The New RAG Playbook: What Works, What Breaks, What’s Next — AI Innovations and Insights 66

Aug 14, 2025

∙ Paid

Welcome back, let's dive into Chapter 66 of this insightful series!

I recently shared a RAG survey (A Recent Survey of Systematic Review in RAG — AI Innovations and Insights 62).

Now a latest review has landed (A Systematic Literature Review of Retrieval-Augmented Generation: Techniques, Metrics, and Challenges).

In this edition, we focus on what's worth reading.

Distribution of Included Studies

Figure 1: Distribution of Studies by Domain: This bar chart shows the percentage of studies conducted in various areas. [Source]

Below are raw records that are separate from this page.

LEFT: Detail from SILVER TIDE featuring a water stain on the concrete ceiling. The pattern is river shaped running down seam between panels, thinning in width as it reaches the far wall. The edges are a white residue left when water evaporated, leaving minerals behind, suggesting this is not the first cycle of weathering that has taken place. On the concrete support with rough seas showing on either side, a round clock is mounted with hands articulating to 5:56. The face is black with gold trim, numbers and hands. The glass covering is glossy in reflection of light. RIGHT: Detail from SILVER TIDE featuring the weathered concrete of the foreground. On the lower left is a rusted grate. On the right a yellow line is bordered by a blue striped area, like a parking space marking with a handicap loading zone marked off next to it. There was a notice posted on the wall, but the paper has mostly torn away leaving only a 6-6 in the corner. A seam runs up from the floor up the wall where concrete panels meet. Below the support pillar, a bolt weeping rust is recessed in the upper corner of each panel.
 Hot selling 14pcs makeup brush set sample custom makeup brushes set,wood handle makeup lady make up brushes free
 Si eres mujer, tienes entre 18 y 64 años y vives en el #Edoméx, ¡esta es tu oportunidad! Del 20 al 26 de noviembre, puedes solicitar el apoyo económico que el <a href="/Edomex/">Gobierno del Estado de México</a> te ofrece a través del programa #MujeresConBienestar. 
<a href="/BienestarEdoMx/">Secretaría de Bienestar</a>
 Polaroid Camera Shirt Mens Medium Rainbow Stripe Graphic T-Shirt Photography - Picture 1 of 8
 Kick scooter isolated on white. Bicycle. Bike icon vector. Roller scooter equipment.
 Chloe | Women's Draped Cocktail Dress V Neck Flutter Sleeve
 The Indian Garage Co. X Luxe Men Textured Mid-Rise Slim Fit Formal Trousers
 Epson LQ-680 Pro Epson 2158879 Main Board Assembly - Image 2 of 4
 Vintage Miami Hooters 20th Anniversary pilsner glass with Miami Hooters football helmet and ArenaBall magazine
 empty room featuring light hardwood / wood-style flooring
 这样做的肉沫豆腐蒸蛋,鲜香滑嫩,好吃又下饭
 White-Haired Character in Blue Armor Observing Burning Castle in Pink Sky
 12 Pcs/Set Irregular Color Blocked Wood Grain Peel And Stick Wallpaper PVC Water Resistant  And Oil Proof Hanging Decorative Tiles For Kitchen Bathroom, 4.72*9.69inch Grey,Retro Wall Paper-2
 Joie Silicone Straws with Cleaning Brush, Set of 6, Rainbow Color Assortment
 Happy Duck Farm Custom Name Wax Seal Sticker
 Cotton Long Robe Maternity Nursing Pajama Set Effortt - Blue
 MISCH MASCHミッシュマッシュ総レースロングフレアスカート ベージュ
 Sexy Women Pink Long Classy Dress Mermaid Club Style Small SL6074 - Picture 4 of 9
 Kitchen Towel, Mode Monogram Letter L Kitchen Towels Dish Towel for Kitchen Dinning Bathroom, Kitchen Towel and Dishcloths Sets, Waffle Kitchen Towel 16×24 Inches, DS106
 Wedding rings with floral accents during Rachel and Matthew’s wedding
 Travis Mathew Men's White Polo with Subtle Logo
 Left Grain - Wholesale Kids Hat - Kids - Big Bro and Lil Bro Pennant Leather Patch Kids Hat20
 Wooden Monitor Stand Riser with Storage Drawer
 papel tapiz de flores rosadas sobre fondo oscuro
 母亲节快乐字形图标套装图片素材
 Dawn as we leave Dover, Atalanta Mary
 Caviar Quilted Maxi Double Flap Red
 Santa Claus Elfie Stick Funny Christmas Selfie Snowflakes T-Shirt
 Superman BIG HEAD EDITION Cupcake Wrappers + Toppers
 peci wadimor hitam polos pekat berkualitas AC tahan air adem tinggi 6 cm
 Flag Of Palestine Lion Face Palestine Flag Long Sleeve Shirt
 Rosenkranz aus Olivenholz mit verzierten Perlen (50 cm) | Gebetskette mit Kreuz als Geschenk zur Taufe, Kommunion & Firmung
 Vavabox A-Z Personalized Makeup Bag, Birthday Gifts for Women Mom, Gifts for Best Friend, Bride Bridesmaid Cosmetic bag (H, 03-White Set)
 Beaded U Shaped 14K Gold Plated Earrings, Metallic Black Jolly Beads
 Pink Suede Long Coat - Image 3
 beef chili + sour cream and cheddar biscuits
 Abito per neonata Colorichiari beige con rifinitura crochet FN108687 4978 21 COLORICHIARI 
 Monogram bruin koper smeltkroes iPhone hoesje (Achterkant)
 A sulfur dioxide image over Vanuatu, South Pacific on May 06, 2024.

Figure 1 breaks down the included studies by research area. RAG shows broad coverage, with most of the action in knowledge-intensive tasks and open-domain QA, plus tailored uses in software engineering, healthcare, dialogue, and multimodal settings.

The Master Index

Figure 2: Study characteristics extracted for the 128 included RAG studies, organised by domain: datasets, chunking mechanisms, retrieval mechanisms, vector-space encoders, and generation models. [Source]

This table summarizes all 128 RAG studies this survey included, grouped by domain. Each entry records five aligned components: datasets, chunking mechanism, retrieval mechanism, vector-space encoder, and generation model.

I've never seen a table stretch this far: page 6 through 18 in the original paper. If you're building a PDF parser, this is your benchmark sample.

This table is huge, so I'm trimming it here. Interested readers can find it in the original paper.

What are the Key Topics Already Addressed?

Retrieval Mechanisms

Below are the common retrieval strategies:

Sparse methods (e.g., BM25) are fast but weak on semantic recall.
Dense retrieval (e.g., DPR) embeds queries and documents into vectors and uses MIPS.
Hybrid sparse–dense pipelines try to balance recall and precision.
Encoder–decoder based query rewriting turns multi-hop or conversational questions into standalone, retrievable queries.
Graph retrieval methods: Build a knowledge graph from passages and entities, then retrieve the most relevant subgraphs or paths to feed the model with structured evidence.
Iterative frameworks: Interleave retrieval and generation in a feedback loop: each model output sharpens the next query, step by step closing the semantic gap.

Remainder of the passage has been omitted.